Is that correct ? Flink kafka producer ack level =...
# random
s
Is that correct ? Flink kafka producer ack level == delivery guarantee ? like None = 0 AT_LEAST_ONCE = 1 EXACTLY_ONCE = “all” ?
o
No: this is about the acknowledgement from Kafka, which says something about durability. Not about delivery guarantees, though the two are related.
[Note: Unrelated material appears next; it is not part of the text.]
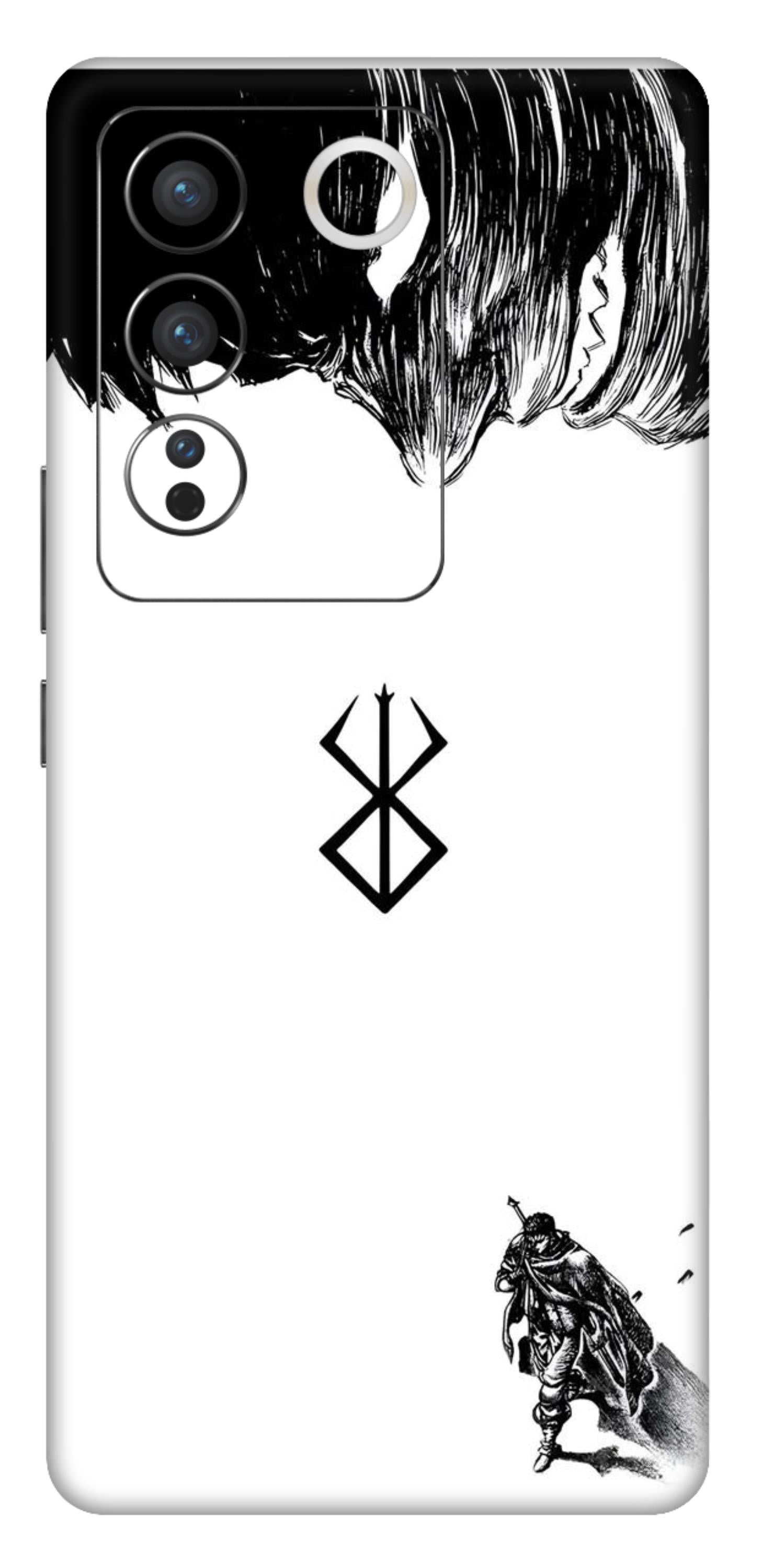Vivo V27 Pro 5G Skins and Wraps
In short: • acks==0 means no guarantees on durability (not even that the data has been recaived by Kafka) • acks==1 means the partition leader has stored the data, but if it crashes before the data is replicated, the data may be lost • acks==-1/all means the data has been replicated to the in-sync replicas as well See https://docs.confluent.io/platform/current/installation/configuration/producer-configs.html#acks
s
many thanks @Oscar Westra van Holthe - Kind is that means I can configure any acks level I want in my kafka producer? cannot find any good documentation how to proper pass acks level into my flink kafka producer
and how to check what is default acsk level in flink kafka producer
m
You just have to configure checkpointing with the proper delivery guarantees
You can't pass ack levels yourself
s
@Martijn Visser thanks! so my original delivery_guarantee <> kafka acks level is correct?
Copy code
deliv_guarantee NONE = kafka producker ack: 0
deliv_guarantee AT_LEAST_ONCE = kafka producker ack:1
deliv_guarantee EXACTLY_ONCE = kafka producker ack: "all" ?
o
Again: No, it is not correct. The two are related, but definitely different things. The only thing you can say is that ack==0 means you can never offer more than “at most once”, but all other guarantees (“exactly once” or “at least once”) depend on other settings like the use of transactions and checkpoints. Besides, as @Martijn Visser mentioned, you cannot pass ack levels anyway, so drop them from your mind. Use checkpointing instead. Below is a link to a guide to delivery guarantees. It does not mention producers ack settings, but mentions that for “exactly once” you need to enable transactions (i.e., exactly once semantics on Kafka) and specify a transaction id. Oh, and enable checkpointing. https://medium.com/cloudera-inc/a-simple-guide-to-processing-guarantees-in-apache-flink-ca7e70431fdc
s
thanks @Oscar Westra van Holthe - Kind nice article but I still cant understand following. in example 1. I have flink with configured checkpointing. In a job config I have -
streamEnv.getCheckpointConfig.setCheckpointingMode(<http://CheckpointingMode.AT|CheckpointingMode.AT>_LEAST_ONCE)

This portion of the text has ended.